• Requirement: Every line of the listing below should be written out exactly, minus its pictures.

• Source data:
=======

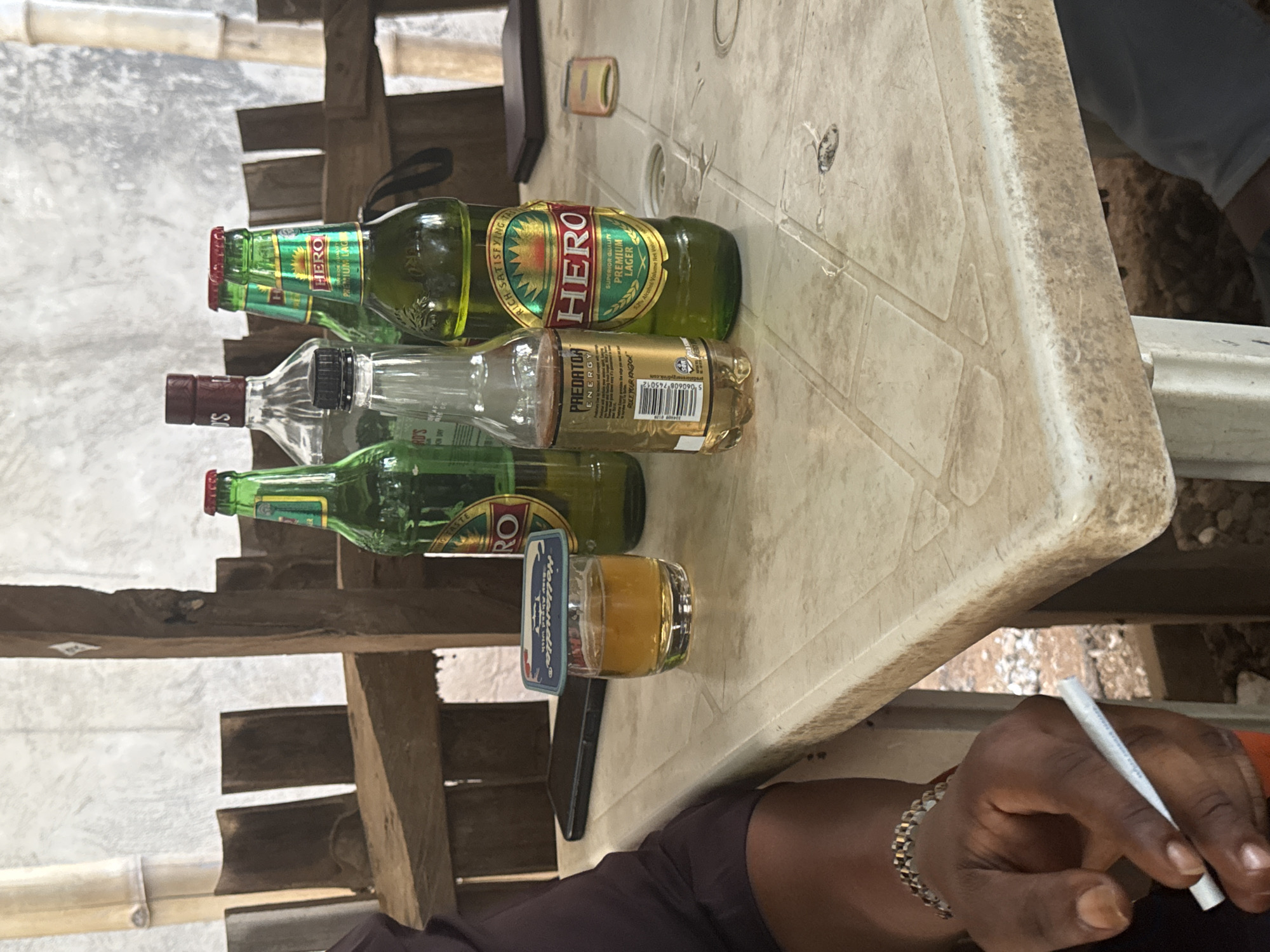The image captures a casual scene featuring multiple beverages on a worn, light-colored plastic table, likely in an outdoor or semi-outdoor setting in Kurunduma, Nigeria.
The main subjects are several bottles and a glass. Two green bottles of "HERO" beer are visible; one appears mostly full, while the other is partially consumed. The labels clearly display "HERO", "SUPERIOR QUALITY", "PREMIUM LAGER", and "RICH SATISFYING TASTE". Next to these is a clear, empty glass bottle. A golden-colored bottle of "PREDATOR ENERGY" drink, with the slogan "RULE YOUR KINGDOM", is also present. A small glass containing an amber liquid, likely an alcoholic beverage, rests on a coaster.
In the foreground, a dark-skinned hand, adorned with a silver-colored chain bracelet, is holding a lit cigarette. A dark object, possibly a mobile phone or a lighter, is visible near the glass. The table itself appears well-used and slightly dirty. The background consists of various wooden planks and bamboo structures, suggesting a simple, rustic environment. The overall scene depicts a moment of relaxation or a social gathering involving drinking and smoking. No specific time of day or weather conditions can be determined from the image.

=======

• Result of this task:
The image captures a casual scene featuring multiple beverages on a worn, light-colored plastic table, likely in an outdoor or semi-outdoor setting in Kurunduma, Nigeria.
The main subjects are several bottles and a glass. Two green bottles of "HERO" beer are visible; one appears mostly full, while the other is partially consumed. The labels clearly display "HERO", "SUPERIOR QUALITY", "PREMIUM LAGER", and "RICH SATISFYING TASTE". Next to these is a clear, empty glass bottle. A golden-colored bottle of "PREDATOR ENERGY" drink, with the slogan "RULE YOUR KINGDOM", is also present. A small glass containing an amber liquid, likely an alcoholic beverage, rests on a coaster.
In the foreground, a dark-skinned hand, adorned with a silver-colored chain bracelet, is holding a lit cigarette. A dark object, possibly a mobile phone or a lighter, is visible near the glass. The table itself appears well-used and slightly dirty. The background consists of various wooden planks and bamboo structures, suggesting a simple, rustic environment. The overall scene depicts a moment of relaxation or a social gathering involving drinking and smoking. No specific time of day or weather conditions can be determined from the image.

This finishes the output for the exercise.